Edit: Realistically, after mulling it over, I think the biggest benefit of this "+20-after-a-year deletion threshold" is simply the fact that it acts as a deterrent against people posting things that aren't very good, and acts as incentive for readers to promote things they really like. Like, the deletions themselves make little meaningful difference, because, by the time you go and delete the middling +15 year-old article… hardly anyone's reading it anymore anyway. And, like, if readers are measuring the quality of articles by their vote count, then, why not just… ignore any old article with a low rating? Why not simply create curation systems in place to enforce this? I mean, we already have those, in the form of Top Rated This Month, Top Rated This Year, Top Rated Of All Time, et cetera.

Overall I think this deletion threshold change could work. However, I don't know for sure if it's the best option, when the main benefit of this deletion threshold approach in particulalr is specifically to incentivize people to prevent it from ever being used in the first place. Perhaps there is a more direct approach we could use.

Anyway, my other main goal with posting this message is to get people to consider this issue from the standpoint of the SCP Wiki reader experience. Anyway yeah.

Okay so I have caught up on this thread and would like to give my two cents now. I fully support option A1 for a variety of important reasons. The first one that comes to mind is that the current rate of posting to the mainlist is unsustainable in every sense of the word, this is not a temporary problem limited to the date at which 10kcon occurs and will continue to have sweeping consequences if left unaddressed. As is shown in the danjon post above, a maintenance of our current momentum will have our remaining slots filled in June of this year. I would like to emphasize this would be an unprecedented kcon turnaround of *less than a full year* which would lead to insane burnout in our overworked contest team which I feel the need to remind everyone is less than ten individuals. In my opinion changing curation standards is the most reasonable way to shift our behavior, to be frank I think the discussions of freezing the mainlist are a nonstarter that would simply kick the can down the road the second the mainlist is unfrozen. The consequences for the community are as obvious as they are detrimental. Not only would there be a mass exodus of authors (and readers) there would also be a backlog of mainlisters waiting to be posted which would spell the death knell of the wiki as it is drowned in content and we are forced to host the first back-to-back kcon experience.

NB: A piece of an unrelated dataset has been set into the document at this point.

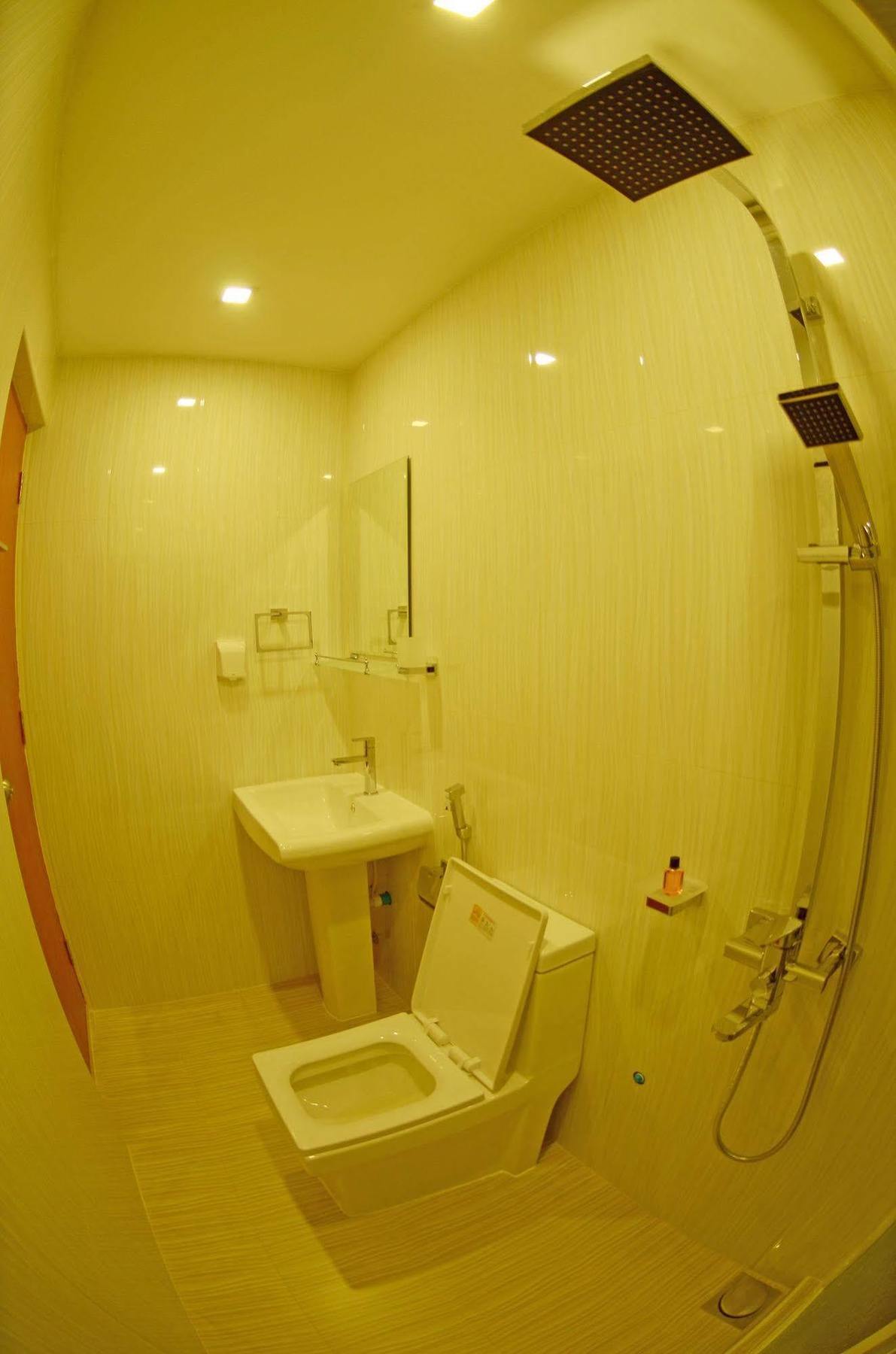 Royal Pearl Inn Maafushi Exterior photo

In contrast, changing our curation standards is simple, has far more popular support, and actually mediates this existential problem long term. To put it very plainly we can have too much of a good thing and the dose makes the poison. Our current curation standards were set up over a decade ago and were well suited to a fundamentally different social environment on the wiki, as it has grown these curation standards have guided us into a corner and I think it is high time we change them for the long-term health of the community. Minus ten to deletion was not passed down on high from god and it makes sense that we should change our curation standards with changing times.

I would also like to caution us against reviving the -ARC system which was killed by staff in no uncertain terms 5 years ago and for good reason. Namely that we are not an archive and attempts to use the wiki as one dilutes the purpose of the website in a multitude of ways. In the event an article is deleted under this new system there is nothing stopping users from reuploading it on any number of archiving services like Ao3. There is no compelling reason to archive works that for all intents and purposes have very little cultural impact and will likely be read by very few users when buried in an archival format that most users avoid in general.

Back to the proposal at hand, I also think it has a variety of positive impacts on community health aside from making it where our contest team doesn’t go postal and kill all of us. It also encourages people to actually fight for any hidden gems they may believe in instead of letting them coast unnoticed for literal years. Not only that but it gives authors an opportunity to workshop that idea and give it a second chance on the wiki where it might fare better. Honestly as a regular reader of the wiki it has become very obvious that our population of people posting has far outpaced an infrastructure that was built with a more critical and small userbase in mind. It only makes sense that we shift how we do things in an effort to course correct before we end up slamming into a brick wall.

I have more I could add in a further post on some of these topics (especially when it comes to other solutions I believe we should be implementing as well) but I've fleshed out a lot of my opinions in the public staffcord thread and I believe this is a decent enough summary of my positions on the matter.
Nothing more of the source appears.